Johnny apontou para um homenzinho baixo, barrigudo com um largo bigode loiro:
- Desculpeeee-me senhorrrra - disse o homem no seu sotaque arrastado típico daquele país - tem uuuum homeeeeem que querrr falarrr com votchê... o que digooo?
Era o homem que cuidava da recepção da pequena e simpática pensão. Raveneh, sem pestanejar, respondeu:
- Diga a ele vir para cá.
Era o mesmo rapaz que estava ao lado de Jorge, na pequena recepção, o jovem dos olhos acolhedores e o manto azul-escuro. Será que ele viera trazer as informações do julgamento?
- Eu me chamo Crazy - disse o jovem, sem a menor cerimônica.

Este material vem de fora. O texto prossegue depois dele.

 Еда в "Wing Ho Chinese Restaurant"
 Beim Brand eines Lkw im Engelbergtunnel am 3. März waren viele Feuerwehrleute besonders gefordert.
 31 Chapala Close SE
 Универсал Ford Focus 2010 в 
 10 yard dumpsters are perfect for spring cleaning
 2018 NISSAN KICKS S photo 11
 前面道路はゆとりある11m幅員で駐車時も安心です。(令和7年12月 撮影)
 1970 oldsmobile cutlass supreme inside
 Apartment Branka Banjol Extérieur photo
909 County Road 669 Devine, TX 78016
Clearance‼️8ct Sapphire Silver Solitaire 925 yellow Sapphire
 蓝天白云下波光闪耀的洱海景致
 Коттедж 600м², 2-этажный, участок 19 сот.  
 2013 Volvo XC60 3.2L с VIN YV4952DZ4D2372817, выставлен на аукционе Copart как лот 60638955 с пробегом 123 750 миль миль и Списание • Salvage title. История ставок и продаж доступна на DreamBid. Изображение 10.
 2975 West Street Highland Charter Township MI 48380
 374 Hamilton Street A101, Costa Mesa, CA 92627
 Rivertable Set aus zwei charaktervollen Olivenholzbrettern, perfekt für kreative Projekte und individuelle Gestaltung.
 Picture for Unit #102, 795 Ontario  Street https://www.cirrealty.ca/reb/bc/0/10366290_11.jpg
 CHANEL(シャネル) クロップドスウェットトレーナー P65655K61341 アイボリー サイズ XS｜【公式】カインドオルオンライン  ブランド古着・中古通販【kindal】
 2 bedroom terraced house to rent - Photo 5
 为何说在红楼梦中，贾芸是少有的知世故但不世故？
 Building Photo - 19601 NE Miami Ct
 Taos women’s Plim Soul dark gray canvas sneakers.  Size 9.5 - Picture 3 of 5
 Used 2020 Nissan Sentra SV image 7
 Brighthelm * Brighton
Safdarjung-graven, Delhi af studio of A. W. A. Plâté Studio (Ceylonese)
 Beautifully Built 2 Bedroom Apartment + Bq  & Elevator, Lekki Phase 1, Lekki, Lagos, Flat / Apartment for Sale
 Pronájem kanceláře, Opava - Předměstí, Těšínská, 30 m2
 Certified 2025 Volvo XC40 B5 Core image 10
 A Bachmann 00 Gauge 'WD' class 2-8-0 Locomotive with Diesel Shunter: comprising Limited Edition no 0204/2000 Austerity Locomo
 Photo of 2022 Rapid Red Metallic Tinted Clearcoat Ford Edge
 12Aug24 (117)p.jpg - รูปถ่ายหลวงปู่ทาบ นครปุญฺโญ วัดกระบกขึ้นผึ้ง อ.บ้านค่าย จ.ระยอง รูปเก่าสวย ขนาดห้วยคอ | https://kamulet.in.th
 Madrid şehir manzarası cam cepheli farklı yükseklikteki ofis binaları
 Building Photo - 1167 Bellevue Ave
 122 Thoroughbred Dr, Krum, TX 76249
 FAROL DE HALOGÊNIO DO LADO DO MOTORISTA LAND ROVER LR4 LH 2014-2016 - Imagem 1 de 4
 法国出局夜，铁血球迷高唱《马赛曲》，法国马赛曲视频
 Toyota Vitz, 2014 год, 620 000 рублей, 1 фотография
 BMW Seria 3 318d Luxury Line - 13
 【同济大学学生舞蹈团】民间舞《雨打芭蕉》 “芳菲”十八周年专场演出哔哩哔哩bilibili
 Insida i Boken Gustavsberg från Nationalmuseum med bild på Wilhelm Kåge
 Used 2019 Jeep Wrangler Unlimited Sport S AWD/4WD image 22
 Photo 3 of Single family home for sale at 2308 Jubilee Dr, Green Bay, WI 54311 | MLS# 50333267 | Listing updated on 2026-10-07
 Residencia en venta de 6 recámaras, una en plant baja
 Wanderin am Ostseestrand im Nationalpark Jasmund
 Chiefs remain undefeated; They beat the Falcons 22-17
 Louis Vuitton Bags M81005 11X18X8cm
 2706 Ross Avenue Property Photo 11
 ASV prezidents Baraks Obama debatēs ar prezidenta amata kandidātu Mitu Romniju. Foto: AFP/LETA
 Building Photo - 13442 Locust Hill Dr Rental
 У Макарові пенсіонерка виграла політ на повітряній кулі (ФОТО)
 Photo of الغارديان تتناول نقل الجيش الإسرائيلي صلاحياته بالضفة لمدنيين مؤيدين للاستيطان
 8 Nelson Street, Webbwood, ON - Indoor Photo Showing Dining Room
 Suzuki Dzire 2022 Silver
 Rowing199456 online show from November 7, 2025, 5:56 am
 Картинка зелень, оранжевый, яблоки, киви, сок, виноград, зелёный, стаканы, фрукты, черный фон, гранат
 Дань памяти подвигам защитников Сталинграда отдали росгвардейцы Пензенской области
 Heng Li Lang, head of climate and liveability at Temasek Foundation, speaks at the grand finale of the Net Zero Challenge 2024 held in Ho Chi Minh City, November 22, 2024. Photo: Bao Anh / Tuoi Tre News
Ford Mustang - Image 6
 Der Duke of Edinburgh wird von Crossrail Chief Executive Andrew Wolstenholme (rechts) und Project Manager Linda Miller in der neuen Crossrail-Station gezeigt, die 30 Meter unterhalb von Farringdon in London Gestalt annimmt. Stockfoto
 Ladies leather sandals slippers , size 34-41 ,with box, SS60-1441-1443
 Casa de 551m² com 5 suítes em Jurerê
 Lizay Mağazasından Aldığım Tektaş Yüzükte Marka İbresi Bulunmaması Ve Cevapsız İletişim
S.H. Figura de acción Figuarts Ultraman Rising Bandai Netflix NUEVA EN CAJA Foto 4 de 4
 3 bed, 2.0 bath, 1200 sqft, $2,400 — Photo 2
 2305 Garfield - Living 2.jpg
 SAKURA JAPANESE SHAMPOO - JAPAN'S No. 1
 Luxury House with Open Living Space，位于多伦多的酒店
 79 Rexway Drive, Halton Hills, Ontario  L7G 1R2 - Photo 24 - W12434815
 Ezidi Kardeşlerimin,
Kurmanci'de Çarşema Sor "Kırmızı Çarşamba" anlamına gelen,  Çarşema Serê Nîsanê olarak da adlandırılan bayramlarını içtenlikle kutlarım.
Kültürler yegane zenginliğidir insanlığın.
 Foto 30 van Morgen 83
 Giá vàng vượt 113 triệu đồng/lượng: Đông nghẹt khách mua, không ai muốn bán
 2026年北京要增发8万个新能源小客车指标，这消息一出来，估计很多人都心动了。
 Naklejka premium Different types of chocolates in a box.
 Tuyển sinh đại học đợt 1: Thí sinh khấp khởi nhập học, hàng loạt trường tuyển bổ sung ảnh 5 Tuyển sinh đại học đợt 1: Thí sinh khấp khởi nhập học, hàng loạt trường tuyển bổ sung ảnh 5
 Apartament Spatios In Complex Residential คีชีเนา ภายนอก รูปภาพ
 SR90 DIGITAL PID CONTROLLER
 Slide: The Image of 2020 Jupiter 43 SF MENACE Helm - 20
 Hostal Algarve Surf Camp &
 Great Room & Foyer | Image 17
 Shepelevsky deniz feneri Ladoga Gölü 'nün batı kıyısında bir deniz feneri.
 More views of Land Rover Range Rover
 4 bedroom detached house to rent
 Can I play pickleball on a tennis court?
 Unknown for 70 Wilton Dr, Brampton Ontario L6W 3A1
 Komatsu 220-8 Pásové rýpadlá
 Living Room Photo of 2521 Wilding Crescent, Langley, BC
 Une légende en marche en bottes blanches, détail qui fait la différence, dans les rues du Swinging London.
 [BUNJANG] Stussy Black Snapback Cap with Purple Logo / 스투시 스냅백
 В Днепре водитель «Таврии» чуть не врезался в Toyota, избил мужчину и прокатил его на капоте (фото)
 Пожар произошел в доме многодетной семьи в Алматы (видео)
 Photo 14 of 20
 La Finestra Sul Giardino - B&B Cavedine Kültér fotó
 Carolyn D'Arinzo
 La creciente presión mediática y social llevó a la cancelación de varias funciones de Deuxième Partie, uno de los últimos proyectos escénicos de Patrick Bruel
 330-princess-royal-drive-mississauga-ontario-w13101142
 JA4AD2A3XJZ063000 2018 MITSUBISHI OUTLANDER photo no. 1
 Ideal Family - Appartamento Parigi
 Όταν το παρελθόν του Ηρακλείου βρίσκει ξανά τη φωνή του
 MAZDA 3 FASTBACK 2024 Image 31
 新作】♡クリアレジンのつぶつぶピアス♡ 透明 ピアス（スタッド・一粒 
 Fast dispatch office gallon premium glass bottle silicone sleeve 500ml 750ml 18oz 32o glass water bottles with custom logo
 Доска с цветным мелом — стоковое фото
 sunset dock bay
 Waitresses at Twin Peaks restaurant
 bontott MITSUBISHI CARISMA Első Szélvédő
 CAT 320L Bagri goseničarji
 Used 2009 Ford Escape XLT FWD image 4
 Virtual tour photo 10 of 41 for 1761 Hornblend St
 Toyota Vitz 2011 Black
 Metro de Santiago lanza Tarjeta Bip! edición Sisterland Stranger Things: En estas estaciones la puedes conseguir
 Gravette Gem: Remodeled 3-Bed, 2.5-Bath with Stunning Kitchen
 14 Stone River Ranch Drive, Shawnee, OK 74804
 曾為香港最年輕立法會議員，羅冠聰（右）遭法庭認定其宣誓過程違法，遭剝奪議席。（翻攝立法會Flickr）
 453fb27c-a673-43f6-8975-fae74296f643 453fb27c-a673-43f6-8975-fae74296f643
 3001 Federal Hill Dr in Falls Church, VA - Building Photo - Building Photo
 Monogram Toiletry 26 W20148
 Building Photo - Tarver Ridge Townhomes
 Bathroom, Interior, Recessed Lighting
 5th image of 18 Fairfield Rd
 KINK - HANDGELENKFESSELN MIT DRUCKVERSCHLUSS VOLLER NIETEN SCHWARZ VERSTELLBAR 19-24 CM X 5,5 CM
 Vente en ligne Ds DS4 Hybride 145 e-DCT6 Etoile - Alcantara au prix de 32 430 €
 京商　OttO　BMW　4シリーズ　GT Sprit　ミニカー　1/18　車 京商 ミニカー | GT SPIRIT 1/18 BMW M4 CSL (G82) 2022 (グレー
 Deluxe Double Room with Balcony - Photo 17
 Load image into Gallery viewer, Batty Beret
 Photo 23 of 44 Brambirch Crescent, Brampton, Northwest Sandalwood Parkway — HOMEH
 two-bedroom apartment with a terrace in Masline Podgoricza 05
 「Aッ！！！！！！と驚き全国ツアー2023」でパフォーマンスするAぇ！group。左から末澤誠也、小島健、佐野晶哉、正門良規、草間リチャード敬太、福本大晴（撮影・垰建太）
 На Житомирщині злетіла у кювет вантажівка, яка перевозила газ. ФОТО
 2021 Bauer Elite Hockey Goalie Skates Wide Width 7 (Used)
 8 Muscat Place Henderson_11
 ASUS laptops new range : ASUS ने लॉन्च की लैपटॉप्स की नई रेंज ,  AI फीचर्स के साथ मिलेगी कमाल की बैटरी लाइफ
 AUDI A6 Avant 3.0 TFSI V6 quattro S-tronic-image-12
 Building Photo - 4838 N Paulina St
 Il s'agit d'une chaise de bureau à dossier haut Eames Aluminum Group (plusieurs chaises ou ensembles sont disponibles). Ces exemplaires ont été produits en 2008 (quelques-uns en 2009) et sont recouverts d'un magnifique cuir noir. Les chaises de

- Crazy? - Raveneh achou o nome estranho.
Crazy sorriu.
Bia não falou nada, mas jurava pela sua armadura e pela tia Lia (que esteja bem!) que aquele ser não era um humano comum. Podia até sentir um pouco da energia dele! Que diabos ele estava fazendo ali, em um reino que proibia seres mágicos?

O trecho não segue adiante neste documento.